_Work to be completed:_
Below are entries. Give back exactly the lines from the one containing "Reforma Tributária" through the one containing "EMES Large HVAC", inclusive, without the pictures.

_Recorded information:_
↓

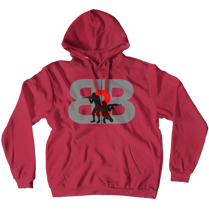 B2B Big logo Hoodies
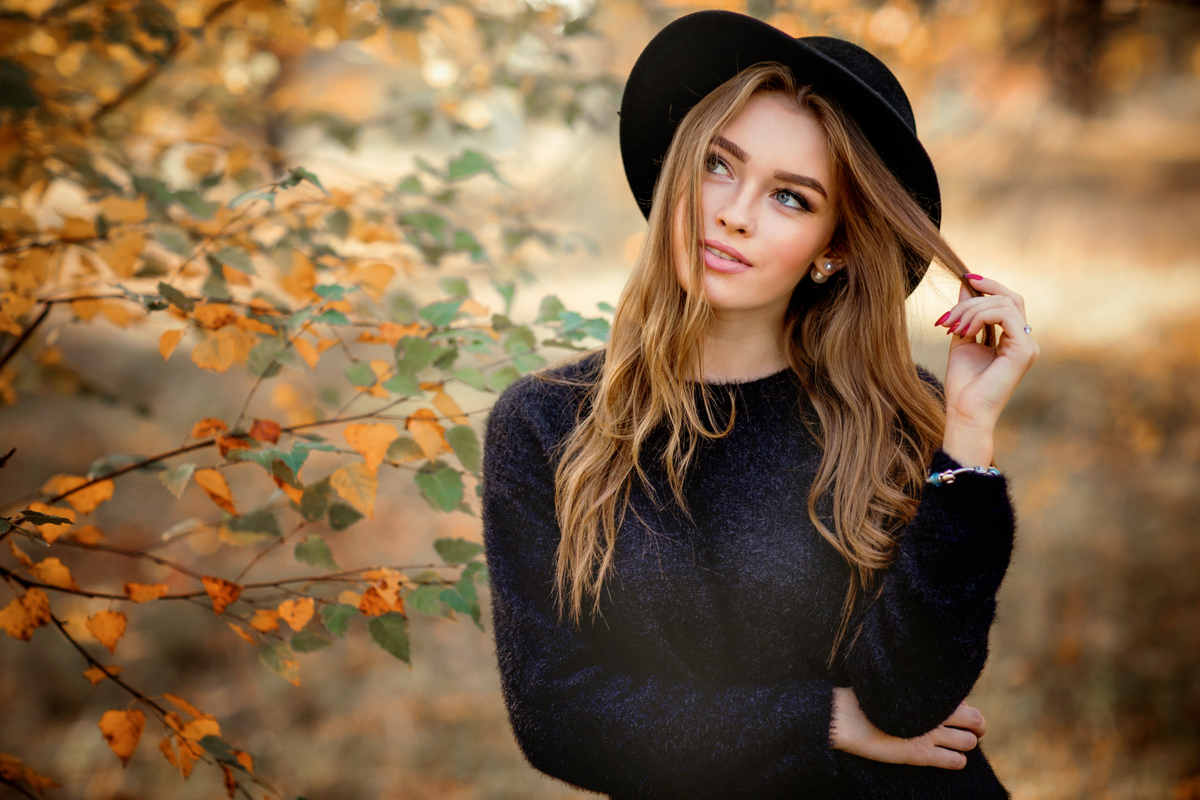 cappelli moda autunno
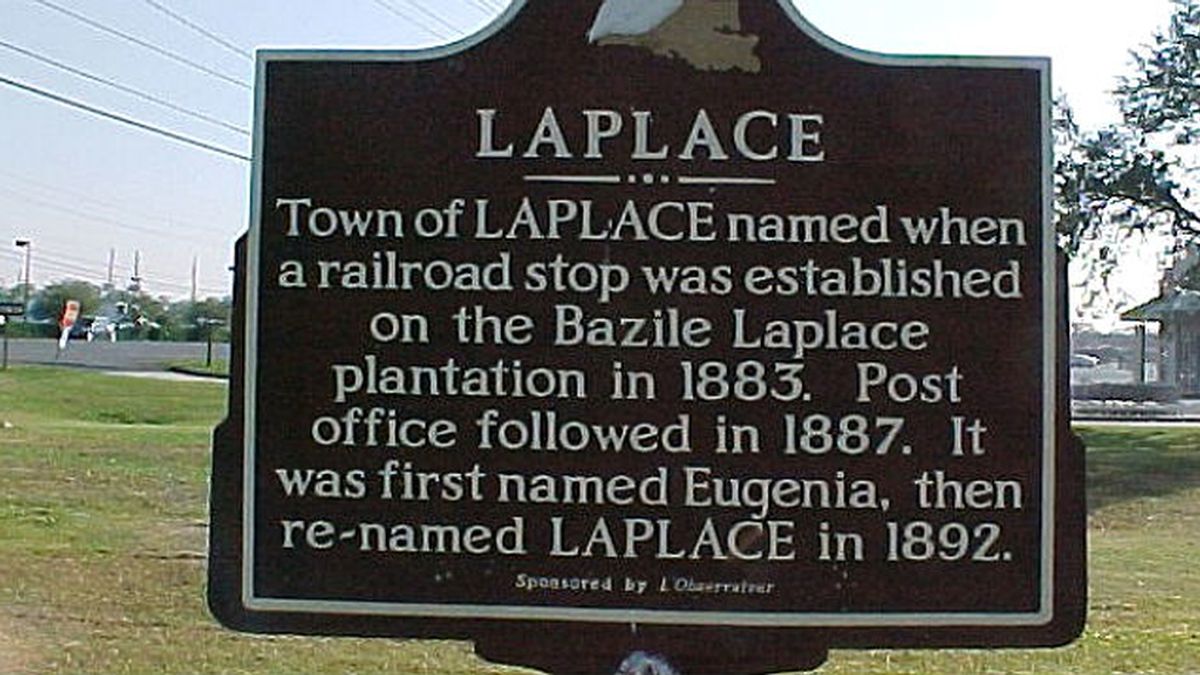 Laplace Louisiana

↑
↓

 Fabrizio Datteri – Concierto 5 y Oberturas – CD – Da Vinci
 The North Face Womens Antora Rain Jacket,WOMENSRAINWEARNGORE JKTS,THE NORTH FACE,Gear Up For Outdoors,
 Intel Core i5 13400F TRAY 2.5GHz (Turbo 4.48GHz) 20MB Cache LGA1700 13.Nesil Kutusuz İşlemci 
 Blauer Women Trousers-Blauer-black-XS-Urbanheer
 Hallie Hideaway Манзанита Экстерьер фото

↑
↓

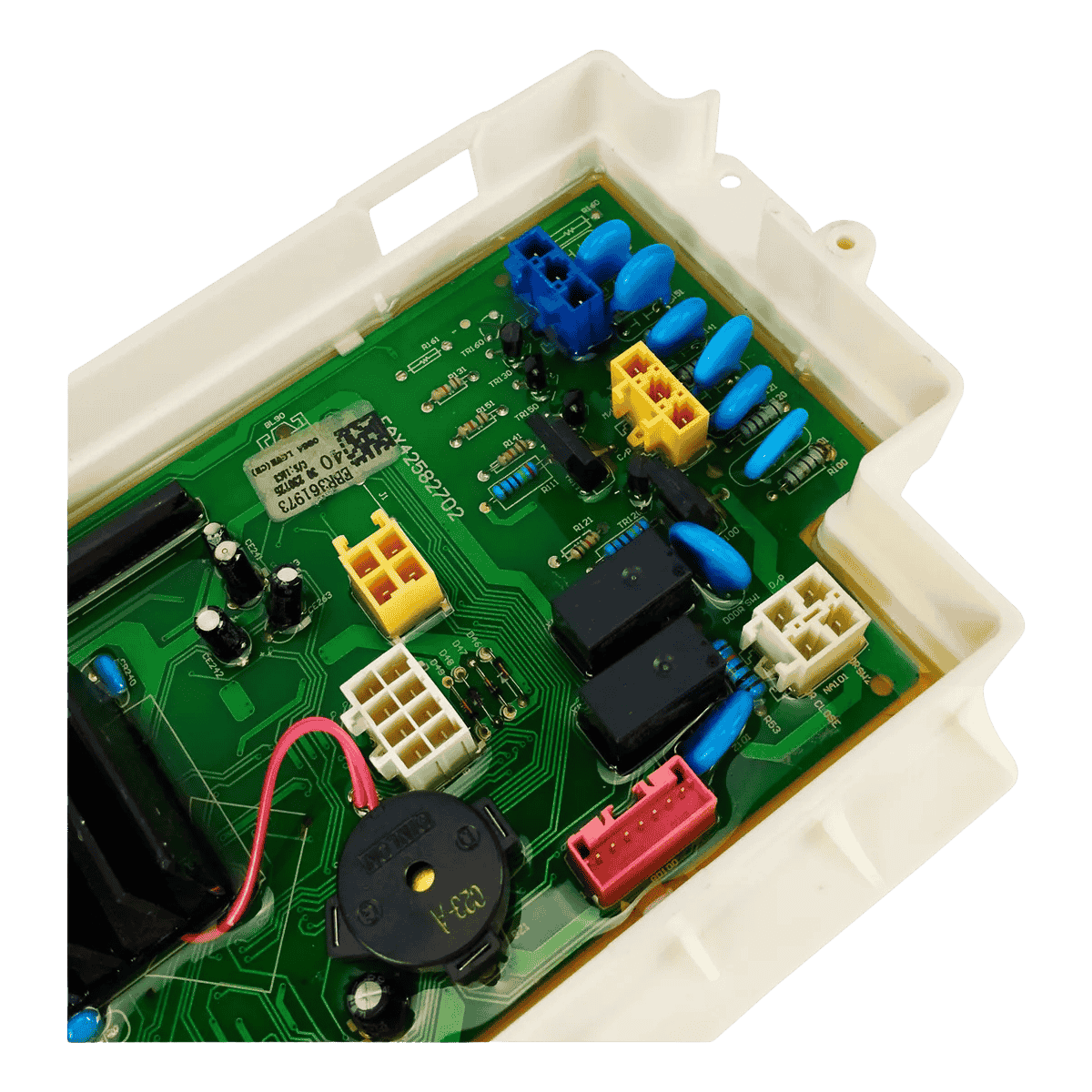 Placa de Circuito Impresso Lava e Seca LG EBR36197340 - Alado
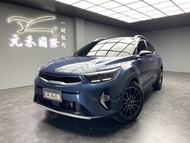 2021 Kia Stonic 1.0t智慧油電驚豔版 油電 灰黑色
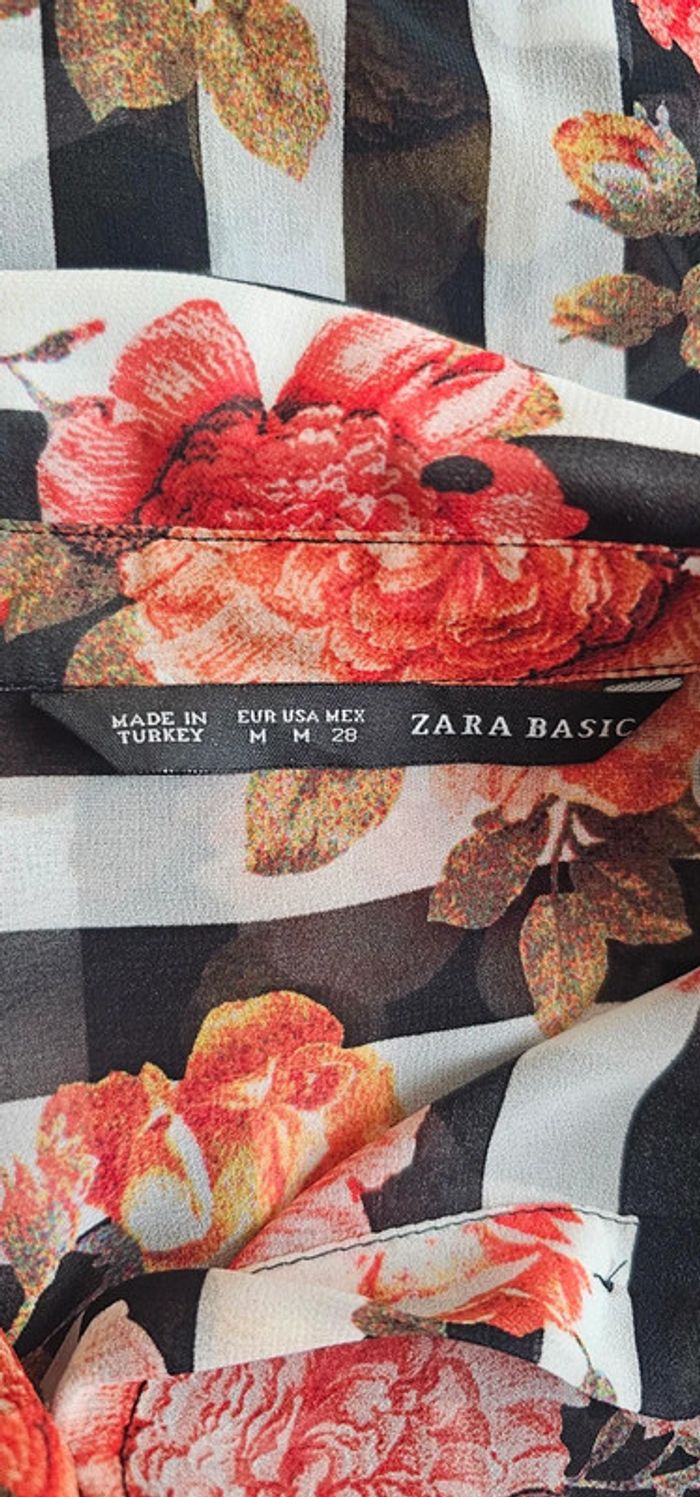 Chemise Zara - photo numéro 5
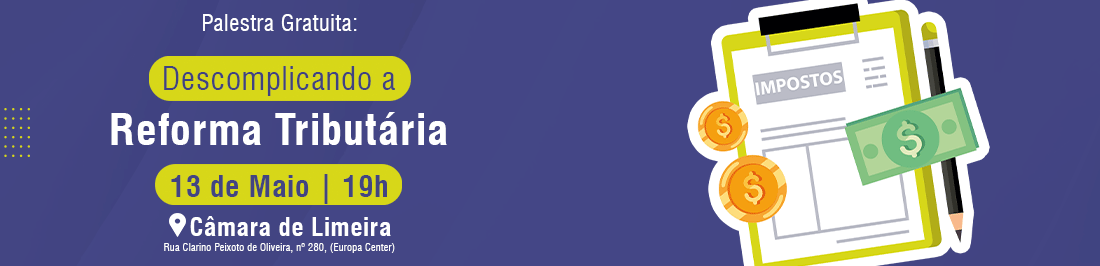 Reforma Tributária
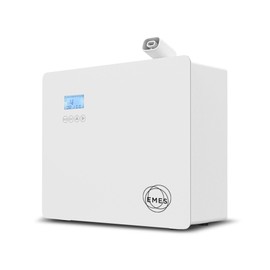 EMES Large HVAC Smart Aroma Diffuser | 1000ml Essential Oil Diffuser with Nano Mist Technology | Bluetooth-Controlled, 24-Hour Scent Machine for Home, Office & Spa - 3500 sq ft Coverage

↑

_Exercise result:_
 Reforma Tributária
 EMES Large HVAC Smart Aroma Diffuser | 1000ml Essential Oil Diffuser with Nano Mist Technology | Bluetooth-Controlled, 24-Hour Scent Machine for Home, Office & Spa - 3500 sq ft Coverage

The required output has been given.